The tech firm, one among the top players in the Chinese telecom sector, embarked on a comprehensive management overhaul this week to comply with the demands set by Trump for lifting the ban. The move follows an agreement signed by ZTE with the Federal Government last month to end the dispute. Earlier this week, the government eased its stance against the company, allowing it to resume some of its dealings in the US.
As part of the restructuring, the company appointed Xu Ziyang as the new chief executive officer and replaced the chief financial officer, chief technology officer and human resources head. Ziyang, who had been serving as the head of ZTE’s German operations, is also in charge of its network product portfolio and the cloud segment. According to sources close to the matter, employment contracts of seven senior executives, including senior vice presidents and executive vice presidents, will be canceled this week.

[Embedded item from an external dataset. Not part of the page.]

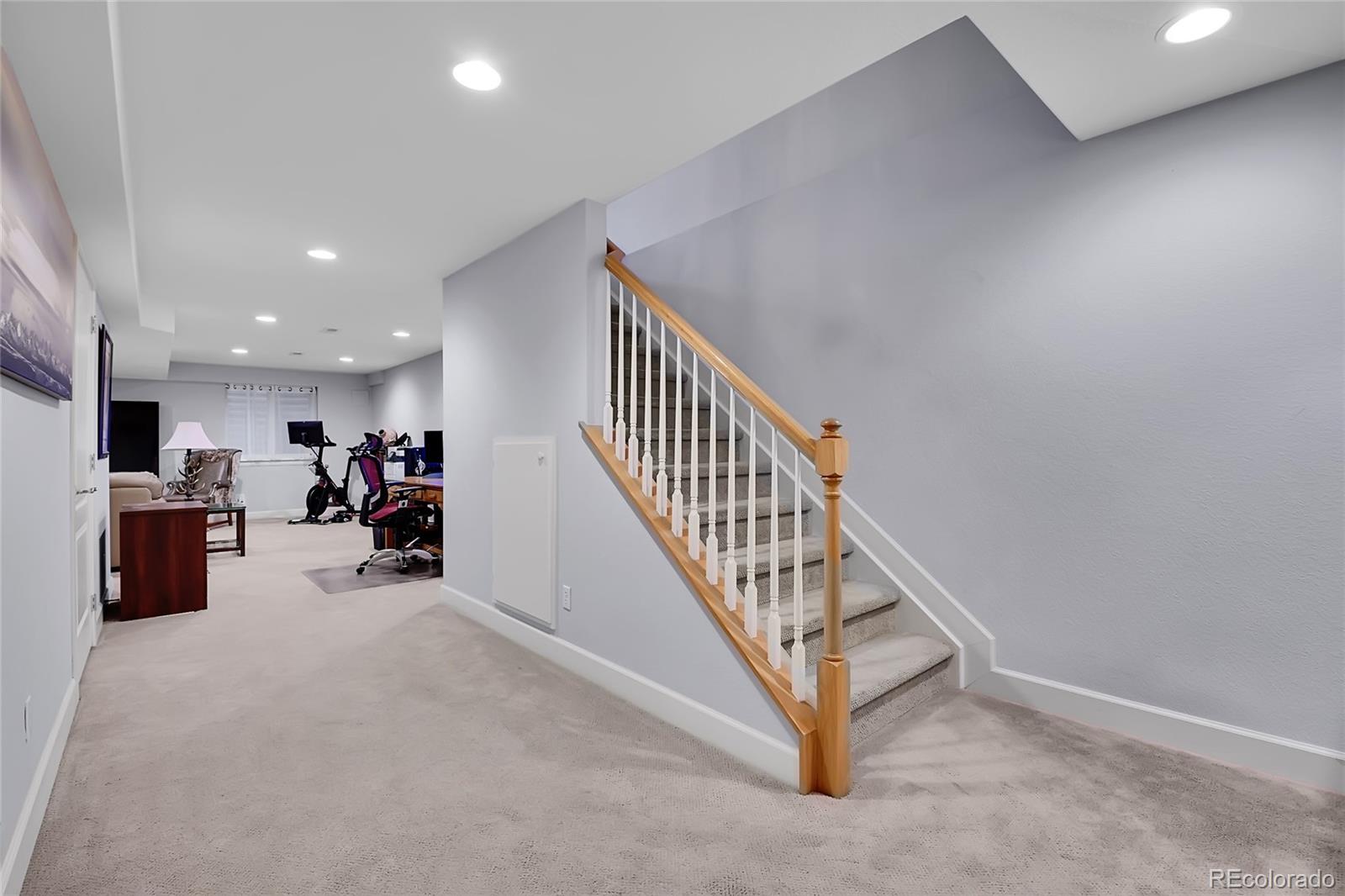 566 Josephine Street Denver, CO 80206 - Photo 25 of 45 a view of a hallway with workspace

This week, the government eased its stance against the company, allowing it to resume some of its dealings in the US
Meanwhile, the government’s mandate stipulates that ZTE should also constitute a new board of directors to be able to buy US-made components on a long-term basis. As of now, the company is allowed to import electronic components from American suppliers on a temporary basis.
The executive reshuffle is the continuation of a series of damage control measures taken by ZTE since it earned the ire of the US Prez. The steps include a new $11-billion financing plan, the election of eight new members to its board of directors and a crackdown against the employees involved in the dealings that allegedly breached the US laws. For the company, which is heavily dependent on US suppliers for parts, the sanction came as a bolt from the blue, forcing it to close down certain facilities in China.
ZTE’s share price more than halved in the Hong Kong Stock Exchange in early June when Trump tightened his grip on the company and was broadly flat since then. The stock traded lower in the early trading hours Thursday despite the positive developments.